Princeton Eating Clubs are veritable institutions that deserve their own articles, as they have collectively and individually on Wikipedia right now. They provide social life and meals for most Princeton students and are a subject of considerable controversy as that school strives to become more diverse in its social life and student body. However, they are not secret societies. As a contributor has summed up nicely, secret societies in the traditional mode meet a couple of times a week and focus on self development, introspection, and often arcane rituals in the object of some goal. In contrast, Princeton's eating clubs provide daily meals, weekly parties, occasional large social events, educational events, and other opportunities to members, and sometimes to the guests of members.
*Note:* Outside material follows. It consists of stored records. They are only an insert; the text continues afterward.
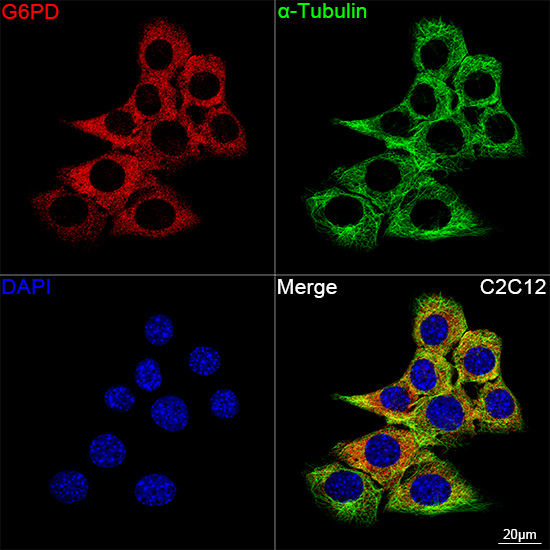 G6PD Antibody in Immunocytochemistry (ICC/IF)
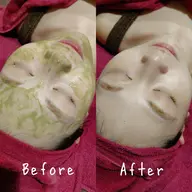 初回【ニキビ毛穴ケア】韓国肌管理☆ohlハーブピーリング剥離なし&デコルテマッサージ付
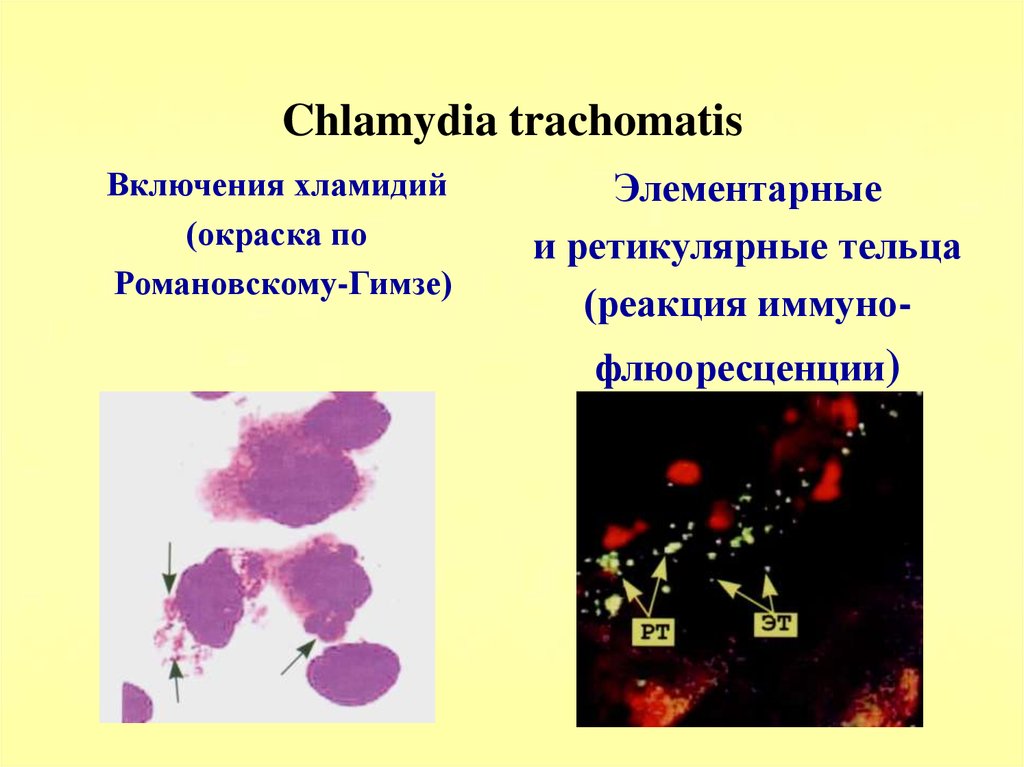 Anti chlamydia trachomatis. Хламидии Романовскому Гимзе. Chlamydia trachomatis микроскопия по Граму. Хламидия микробиология морфология. Хламидии трахоматис по Граму.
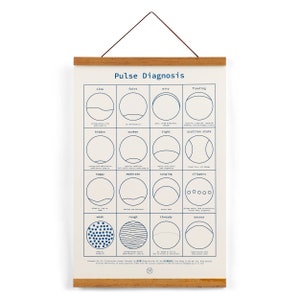 Puls-Diagnose-Druck (Marineblau) 13” x 19” • Chinesische Medizin Akupunktur TCM, optional mit Rahmen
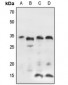 Anti-IGFBP7 Antibody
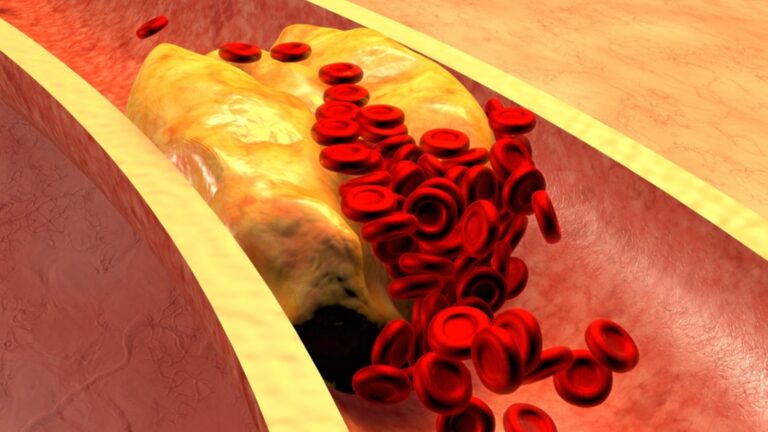 Обнаружено, какой дешевый овощ снизил плохой холестерин на 20%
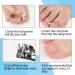 70PCS Ingrown Toenail Treatment Kit for Effective Pain Relief - Breathable Plastic Tool for Paronychia Patients - Buy Online on GoSupps.com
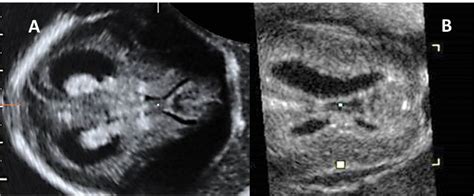Fetal Mild Ventriculomegaly Still A Challenging Problem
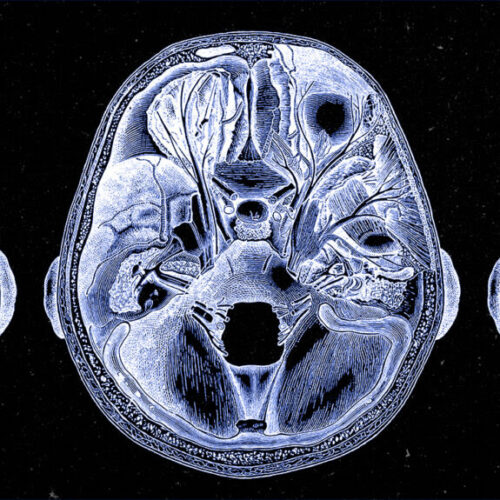 Scientists find the brain cells that drive us to eat fat, sugar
Yes, people are "punched" and go through secret initiation rituals, but as we have established, this is not enough to qualify a group as a "collegiate secret society" as we have identified in this artictle. Most of these groups have web sites (http://theivyclub.net/) and many of the web sites identify officers and members publicly (http://www.princeton.edu/~cotclub/current1.htm) as well as post pictures of events (http://www.princeton.edu/~capgown/capbashphotos.htm). These organizations aren't secret societies more any than private clubs for adults like New York's University Club are. Ivy Club should be removed, and similar organizations should be removed as well.

PS- I'll make a similar case against final clubs probably this weekend

-societyalum —Preceding unsigned comment added by 192.147.57.6 (talk) 19:53, 16 May 2008 (UTC)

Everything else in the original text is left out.